Hallo Finalforce,
toll dass du das geklärt hast. Jetzt können wir also mit der Diskussion loslegen.
Porlinge und Röhrlinge sind keine biologischen Gattungen, sondern es verbergen sich jeweils .viele unterschiedliche Gattungen dahinter, die manchmal gar nicht näher miteinander verwandt sind, sondern nur Fruchtkörper ähnlichen Aussehens ausbilden (Konvergenz nennt man das glaube ich). Daher sind Porlinge und Röhrlinge nicht einmal einheitliche biologische Familien.
Die Essbarkeit von Pilzen ist nicht größenabhängig, wie dies deine Aussage in Post #1 nahelegt, sondern es gibt auch bei kleinen Pilzen und sogar Becherlingen Essbares, bei dem das Einsammeln halt sehr mühevoll ist (z. B. Fichtenzapfenrübling, Trompetenpfifferling, Nelkenschwindling...) und die Bestimmung schnell fehlschlagen kann, wenn man sich nur halb und nicht richtig auskennt.

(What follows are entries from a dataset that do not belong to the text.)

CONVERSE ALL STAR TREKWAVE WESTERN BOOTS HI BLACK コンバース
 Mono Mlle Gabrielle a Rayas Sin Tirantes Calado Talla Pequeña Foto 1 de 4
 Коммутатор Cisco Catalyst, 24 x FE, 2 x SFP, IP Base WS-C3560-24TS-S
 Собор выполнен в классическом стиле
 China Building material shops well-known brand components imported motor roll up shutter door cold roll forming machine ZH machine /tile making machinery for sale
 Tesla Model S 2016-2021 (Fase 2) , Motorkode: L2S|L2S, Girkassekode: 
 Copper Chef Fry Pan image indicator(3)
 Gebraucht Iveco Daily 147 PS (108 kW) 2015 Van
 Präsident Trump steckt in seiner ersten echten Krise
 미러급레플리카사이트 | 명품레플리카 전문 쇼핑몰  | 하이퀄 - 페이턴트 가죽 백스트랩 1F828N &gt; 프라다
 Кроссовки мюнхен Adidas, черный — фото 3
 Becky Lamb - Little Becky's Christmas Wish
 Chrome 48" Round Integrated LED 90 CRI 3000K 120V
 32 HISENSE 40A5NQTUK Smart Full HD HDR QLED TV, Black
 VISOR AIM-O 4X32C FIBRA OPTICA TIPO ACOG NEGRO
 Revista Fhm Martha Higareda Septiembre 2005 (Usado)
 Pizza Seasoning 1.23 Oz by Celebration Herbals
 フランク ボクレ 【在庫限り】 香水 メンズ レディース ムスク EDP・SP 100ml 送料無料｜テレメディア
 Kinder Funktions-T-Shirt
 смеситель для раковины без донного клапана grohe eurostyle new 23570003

Schleierlinge dürften zum großen Teil ungiftig sein. Das Problem liegt hier ganz woanders. Viele Schleierlingsarten sind dermaßen selten und werden daher so selten gegessen, dass man gar nicht wissen kann, ob sie giftig sind oder nicht (wer die isst, stellt sich sozusagen als Versuchskaninchen zur Verfügung, so wie z. B. der Professor Moser aus Innsbruck es tat). Dazu kommt noch, dass es über 1000 Schleierlingsarten gibt, die sich untereinander so ähnlich sehen, dass die allermeisten Pilzsammler die gar nicht auseinanderhalten können (oder anders: es gibt in ganz Deutschland vielleicht 5 Leute, die die zuverlässig auseinanderhalten können).
Mit Eselsbrücken und allgemeingültigen Aussagen in der Pilzkunde zu hantieren, ist nur dann ungefährlich, wenn keinerlei Verzehrsabsicht im Hintergrund steht und man die Pilzkunde als rein erkenntnistechnisches Hobby betreibt, wie etwa Vogelkunde oder Baumkunde. Dann kann man sie zum persönlichen Lernzuwachs durchaus einsetzen. Sehr gut finde ich z. B. deinen Approach, wie du ihn nennst, Definitonsmerkmale für Gattungen zusammenzustellen. In der Pilzberaterprüfung tauchen solche Aufgaben schließlich auch auf.
Sobald aber die Verzehrsabsicht ins Spiel kommt, braucht man 100%iges Wissen und keine Eselsbrücken. Ein solches Wissen erwirbt man nur durch jahrelanges Beschäftigen mit der Materie und nicht mal eben nebenher. Hilfreich ist dabei sehr die Kommunikation und das Zusammentreffen mit Leuten, die schon Expertentum erworben haben und die bereit und fähig sind, dieses weiterzugeben.
Ich selber habe auch schon kurz in die Pflanzenheilkunde reingeschnuppert, daher möchte ich anmerken, dass ich die Pilzkunde für deutlich schwieriger halte.